Proving that a supremum is unique by contradiction

Question

I am not sure if my proof is proper, so please comment on it and try to fix it if you can.

Let $S$ be a non-empty set. Say that a and b are both supremum of $S$ with $a<b$.

Assuming the definition of a supremum that it must be the least upper bound of the set.

Proof by contradiction that there is a unique supremum:

Because $b=\sup S$ then $b \ge x$ for all $x \in S$. Similarly because $a=\sup S$ then $a \ge x$ for all $x \in S$

Results: $b>a \ge x$, this implies $b> x$, but that means $b$ is not a supremum anymore, and $a$ is the new supremum as $a≥ x$. Therefore there must be only one supremum.

We can easily prove the second subpoint of the supremum definition.( For all $r>0$ there exists $m \in S$ : $a-r<m$)

Answer 1

No, that argument doesn't work. It is quite possible for the least upper bound of a set to not be equal to any element - for example, the negative real numbers.

The way to prove this is that word "least" in the name. By definition, $a$ is a least upper bound for a set $S$ if it is an upper bound for $S$ (for all $x\in S$, $x\le a$) such that, for any $b$ that is also an upper bound for $S$, $a\le b$. This definition applies for any order, or even partial order; the order on the real numbers is just one case. Whether least upper bounds exist in general depends on the system we're in.

Oh, and that proof I alluded to? If $a$ and $b$ are both least upper bounds for $S$, then by the definition, $a\le b$ and $b\le a$. Therefore, $a=b$. It's that simple. Don't overcomplicate it.

Answer 2

In partial order, two elements may not be comparable.
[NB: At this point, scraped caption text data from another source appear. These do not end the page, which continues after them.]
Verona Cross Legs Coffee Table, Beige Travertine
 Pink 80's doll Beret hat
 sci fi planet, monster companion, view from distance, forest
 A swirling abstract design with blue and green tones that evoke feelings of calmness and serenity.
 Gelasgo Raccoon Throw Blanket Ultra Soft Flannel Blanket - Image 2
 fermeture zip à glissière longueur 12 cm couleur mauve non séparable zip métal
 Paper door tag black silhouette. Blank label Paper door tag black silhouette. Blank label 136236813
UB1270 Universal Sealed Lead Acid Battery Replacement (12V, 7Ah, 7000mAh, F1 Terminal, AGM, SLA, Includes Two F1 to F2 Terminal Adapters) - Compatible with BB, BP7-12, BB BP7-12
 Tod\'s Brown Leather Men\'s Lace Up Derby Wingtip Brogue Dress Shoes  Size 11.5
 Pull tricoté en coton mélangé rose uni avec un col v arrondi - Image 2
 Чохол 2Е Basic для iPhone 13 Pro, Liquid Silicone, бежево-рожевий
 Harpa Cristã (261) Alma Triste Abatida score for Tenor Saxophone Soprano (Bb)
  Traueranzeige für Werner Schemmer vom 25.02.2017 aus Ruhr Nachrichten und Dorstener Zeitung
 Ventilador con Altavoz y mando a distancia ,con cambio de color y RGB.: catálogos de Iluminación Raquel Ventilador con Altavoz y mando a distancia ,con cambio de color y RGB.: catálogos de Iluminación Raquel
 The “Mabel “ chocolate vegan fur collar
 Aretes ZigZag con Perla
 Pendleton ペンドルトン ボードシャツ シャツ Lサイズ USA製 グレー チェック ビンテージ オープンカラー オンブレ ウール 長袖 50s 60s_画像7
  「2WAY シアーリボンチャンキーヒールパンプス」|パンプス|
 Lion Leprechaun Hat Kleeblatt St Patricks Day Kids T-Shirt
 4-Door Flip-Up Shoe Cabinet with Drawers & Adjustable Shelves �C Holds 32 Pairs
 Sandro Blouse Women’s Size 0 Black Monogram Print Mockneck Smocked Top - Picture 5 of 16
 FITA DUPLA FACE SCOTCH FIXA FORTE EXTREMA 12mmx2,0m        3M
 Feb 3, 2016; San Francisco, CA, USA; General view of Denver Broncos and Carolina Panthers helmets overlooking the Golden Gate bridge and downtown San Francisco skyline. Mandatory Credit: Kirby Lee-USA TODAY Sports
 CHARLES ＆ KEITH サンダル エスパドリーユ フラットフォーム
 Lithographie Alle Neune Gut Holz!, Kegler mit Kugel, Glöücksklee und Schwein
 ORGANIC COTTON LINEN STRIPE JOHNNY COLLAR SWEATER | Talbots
Hence we can say that a set may have multiple supremums that are not comparable, so the supremum is not unique with the partial order (in generality). But if both elements of our space can be compared (that is, if the order is general), we will prove below that the supremum is unique. Let $a$ and $b$ both the supremum of $A$ From the definition of supremum, $a$ and $b$ are upper bounds of $A$.If $a$ is a supremum of $A$, then $a \le b$. Because of $b$ is an upper bound of $A$. If $b$ is a supremum of $A$, then $b \le a$. Because of $a$ is an upper bound of $A$. Hence by the antisymmetry of the ordering we obtain$a=b$.